EXERCISE GOAL
Print word for word the first line of the records below and every following line through the one containing "5th image of 5770 Westminster Pl"; print nothing else.

____ RECORD EXTRACTS

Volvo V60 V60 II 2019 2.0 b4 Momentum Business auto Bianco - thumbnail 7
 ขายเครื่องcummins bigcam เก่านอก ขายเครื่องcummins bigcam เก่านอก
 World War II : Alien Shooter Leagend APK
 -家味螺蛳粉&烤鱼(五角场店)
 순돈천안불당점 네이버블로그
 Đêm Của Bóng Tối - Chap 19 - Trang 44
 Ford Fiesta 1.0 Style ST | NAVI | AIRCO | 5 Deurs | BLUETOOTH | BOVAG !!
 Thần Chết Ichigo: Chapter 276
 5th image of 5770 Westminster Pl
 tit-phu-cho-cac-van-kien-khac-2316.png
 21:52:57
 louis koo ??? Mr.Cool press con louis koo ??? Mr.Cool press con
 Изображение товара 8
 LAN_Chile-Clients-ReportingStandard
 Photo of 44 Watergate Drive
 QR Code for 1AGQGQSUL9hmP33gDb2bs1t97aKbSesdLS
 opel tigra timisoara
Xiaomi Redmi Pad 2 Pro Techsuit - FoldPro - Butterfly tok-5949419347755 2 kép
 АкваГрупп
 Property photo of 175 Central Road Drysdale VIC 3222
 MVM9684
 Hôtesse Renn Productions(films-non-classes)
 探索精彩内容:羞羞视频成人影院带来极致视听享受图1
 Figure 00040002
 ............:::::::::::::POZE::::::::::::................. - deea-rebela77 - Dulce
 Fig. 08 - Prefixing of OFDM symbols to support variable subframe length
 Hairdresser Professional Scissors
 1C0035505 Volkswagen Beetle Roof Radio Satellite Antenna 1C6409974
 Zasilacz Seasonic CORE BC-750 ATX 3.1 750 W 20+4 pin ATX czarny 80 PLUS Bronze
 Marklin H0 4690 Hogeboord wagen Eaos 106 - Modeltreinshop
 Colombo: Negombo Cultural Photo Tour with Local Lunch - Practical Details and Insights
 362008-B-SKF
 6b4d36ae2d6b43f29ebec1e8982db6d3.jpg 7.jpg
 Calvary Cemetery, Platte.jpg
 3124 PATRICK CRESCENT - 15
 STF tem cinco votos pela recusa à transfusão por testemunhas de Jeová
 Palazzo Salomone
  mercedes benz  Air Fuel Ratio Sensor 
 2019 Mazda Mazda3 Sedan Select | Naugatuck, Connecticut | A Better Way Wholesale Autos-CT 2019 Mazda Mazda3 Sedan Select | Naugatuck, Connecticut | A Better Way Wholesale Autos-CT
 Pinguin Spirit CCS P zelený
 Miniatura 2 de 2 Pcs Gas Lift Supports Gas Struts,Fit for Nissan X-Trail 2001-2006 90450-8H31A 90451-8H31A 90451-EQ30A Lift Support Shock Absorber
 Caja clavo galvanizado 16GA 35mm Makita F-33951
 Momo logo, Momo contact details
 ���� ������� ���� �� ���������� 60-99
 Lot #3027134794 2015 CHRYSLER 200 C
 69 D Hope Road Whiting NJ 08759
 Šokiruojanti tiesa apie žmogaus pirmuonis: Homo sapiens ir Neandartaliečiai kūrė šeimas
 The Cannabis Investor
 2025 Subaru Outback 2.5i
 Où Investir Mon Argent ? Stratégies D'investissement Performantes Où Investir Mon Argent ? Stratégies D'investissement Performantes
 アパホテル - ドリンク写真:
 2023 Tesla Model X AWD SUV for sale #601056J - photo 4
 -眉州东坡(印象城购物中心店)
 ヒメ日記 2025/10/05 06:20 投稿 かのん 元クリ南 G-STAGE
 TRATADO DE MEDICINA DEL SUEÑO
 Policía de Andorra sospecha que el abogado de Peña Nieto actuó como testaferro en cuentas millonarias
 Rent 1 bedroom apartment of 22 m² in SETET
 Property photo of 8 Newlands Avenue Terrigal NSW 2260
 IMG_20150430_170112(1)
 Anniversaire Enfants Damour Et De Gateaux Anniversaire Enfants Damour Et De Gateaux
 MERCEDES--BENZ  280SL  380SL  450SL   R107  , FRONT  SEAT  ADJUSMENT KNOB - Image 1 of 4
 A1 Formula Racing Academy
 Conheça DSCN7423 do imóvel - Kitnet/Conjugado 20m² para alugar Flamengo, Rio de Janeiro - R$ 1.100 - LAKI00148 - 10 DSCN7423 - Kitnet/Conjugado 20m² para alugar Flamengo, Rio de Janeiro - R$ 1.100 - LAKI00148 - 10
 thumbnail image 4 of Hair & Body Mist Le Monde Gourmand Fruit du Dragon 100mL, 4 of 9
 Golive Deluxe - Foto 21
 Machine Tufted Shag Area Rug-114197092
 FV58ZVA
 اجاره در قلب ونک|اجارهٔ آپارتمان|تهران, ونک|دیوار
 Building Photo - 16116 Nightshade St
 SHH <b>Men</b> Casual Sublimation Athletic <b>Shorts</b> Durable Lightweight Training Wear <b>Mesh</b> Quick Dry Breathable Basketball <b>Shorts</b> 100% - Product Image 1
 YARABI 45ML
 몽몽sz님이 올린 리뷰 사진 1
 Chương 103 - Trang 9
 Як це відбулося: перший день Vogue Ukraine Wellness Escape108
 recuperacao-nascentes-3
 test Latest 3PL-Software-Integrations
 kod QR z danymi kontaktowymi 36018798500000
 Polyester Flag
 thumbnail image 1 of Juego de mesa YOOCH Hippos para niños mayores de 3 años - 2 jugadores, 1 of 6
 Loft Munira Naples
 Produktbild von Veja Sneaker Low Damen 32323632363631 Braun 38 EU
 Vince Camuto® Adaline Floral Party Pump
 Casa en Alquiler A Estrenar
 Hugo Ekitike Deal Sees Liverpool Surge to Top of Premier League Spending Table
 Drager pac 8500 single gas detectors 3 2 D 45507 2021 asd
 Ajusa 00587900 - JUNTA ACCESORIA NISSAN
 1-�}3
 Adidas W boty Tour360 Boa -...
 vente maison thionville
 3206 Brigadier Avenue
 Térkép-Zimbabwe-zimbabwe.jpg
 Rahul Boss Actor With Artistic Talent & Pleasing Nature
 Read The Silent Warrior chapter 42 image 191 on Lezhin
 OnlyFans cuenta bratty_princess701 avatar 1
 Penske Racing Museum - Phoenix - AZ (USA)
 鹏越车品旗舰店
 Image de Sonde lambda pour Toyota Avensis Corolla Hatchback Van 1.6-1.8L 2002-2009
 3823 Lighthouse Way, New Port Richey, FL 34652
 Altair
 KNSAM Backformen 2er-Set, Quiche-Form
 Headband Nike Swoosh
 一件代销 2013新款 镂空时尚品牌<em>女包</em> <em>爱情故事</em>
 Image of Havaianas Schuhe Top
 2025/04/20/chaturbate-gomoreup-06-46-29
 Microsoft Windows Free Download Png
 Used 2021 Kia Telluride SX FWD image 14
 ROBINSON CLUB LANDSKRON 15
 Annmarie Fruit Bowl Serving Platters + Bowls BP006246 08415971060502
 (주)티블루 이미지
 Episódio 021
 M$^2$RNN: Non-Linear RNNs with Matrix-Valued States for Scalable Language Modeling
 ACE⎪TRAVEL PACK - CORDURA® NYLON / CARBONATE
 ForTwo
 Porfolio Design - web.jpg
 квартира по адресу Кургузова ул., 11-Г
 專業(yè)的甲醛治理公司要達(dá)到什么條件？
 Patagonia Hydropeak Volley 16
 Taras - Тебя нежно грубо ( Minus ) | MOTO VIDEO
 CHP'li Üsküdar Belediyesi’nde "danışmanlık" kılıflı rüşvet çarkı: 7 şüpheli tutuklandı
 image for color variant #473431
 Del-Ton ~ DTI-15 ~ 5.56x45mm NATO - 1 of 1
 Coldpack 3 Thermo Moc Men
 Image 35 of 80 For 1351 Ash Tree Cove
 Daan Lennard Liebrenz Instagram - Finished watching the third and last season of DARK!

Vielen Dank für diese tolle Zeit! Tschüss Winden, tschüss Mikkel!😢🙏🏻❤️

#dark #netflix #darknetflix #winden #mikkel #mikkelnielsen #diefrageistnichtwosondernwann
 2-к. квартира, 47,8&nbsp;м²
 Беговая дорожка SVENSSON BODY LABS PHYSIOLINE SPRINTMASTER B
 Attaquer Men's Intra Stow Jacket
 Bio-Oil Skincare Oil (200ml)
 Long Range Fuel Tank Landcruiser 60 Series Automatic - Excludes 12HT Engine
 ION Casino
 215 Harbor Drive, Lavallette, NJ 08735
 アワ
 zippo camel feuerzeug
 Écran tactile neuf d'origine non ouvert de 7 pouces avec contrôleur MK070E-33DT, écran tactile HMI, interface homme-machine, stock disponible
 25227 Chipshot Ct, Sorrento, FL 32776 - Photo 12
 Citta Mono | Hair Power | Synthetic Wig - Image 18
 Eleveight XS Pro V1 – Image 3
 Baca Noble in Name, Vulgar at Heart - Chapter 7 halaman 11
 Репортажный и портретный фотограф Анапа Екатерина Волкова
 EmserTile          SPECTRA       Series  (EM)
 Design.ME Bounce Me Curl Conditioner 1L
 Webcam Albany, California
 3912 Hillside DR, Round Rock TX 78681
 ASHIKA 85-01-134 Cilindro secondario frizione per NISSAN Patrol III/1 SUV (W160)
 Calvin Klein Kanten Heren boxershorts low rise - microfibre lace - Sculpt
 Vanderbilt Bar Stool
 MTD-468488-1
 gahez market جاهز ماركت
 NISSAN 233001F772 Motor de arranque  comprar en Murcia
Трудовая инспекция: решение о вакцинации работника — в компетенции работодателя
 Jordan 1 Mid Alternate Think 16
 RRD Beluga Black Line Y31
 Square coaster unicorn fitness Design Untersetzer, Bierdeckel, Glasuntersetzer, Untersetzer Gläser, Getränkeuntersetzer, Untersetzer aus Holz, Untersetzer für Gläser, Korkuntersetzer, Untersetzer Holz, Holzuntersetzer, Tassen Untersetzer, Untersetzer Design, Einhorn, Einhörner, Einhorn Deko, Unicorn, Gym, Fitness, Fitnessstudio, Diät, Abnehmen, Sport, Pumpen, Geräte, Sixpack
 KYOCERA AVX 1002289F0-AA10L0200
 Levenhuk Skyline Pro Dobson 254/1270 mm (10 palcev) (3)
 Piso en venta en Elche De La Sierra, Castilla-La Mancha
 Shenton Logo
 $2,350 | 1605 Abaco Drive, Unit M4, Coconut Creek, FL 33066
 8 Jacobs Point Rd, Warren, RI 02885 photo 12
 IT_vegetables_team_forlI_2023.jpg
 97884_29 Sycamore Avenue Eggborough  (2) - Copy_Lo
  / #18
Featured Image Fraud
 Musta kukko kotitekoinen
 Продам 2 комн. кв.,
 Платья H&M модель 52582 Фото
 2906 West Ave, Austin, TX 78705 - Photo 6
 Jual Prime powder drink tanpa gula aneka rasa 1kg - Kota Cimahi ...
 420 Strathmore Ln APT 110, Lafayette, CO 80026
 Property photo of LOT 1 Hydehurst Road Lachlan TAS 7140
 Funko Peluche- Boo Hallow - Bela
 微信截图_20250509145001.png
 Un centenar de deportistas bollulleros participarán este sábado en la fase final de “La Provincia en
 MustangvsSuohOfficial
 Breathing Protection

________

ANSWER BELOW
Volvo V60 V60 II 2019 2.0 b4 Momentum Business auto Bianco - thumbnail 7
 ขายเครื่องcummins bigcam เก่านอก ขายเครื่องcummins bigcam เก่านอก
 World War II : Alien Shooter Leagend APK
 -家味螺蛳粉&烤鱼(五角场店)
 순돈천안불당점 네이버블로그
 Đêm Của Bóng Tối - Chap 19 - Trang 44
 Ford Fiesta 1.0 Style ST | NAVI | AIRCO | 5 Deurs | BLUETOOTH | BOVAG !!
 Thần Chết Ichigo: Chapter 276
 5th image of 5770 Westminster Pl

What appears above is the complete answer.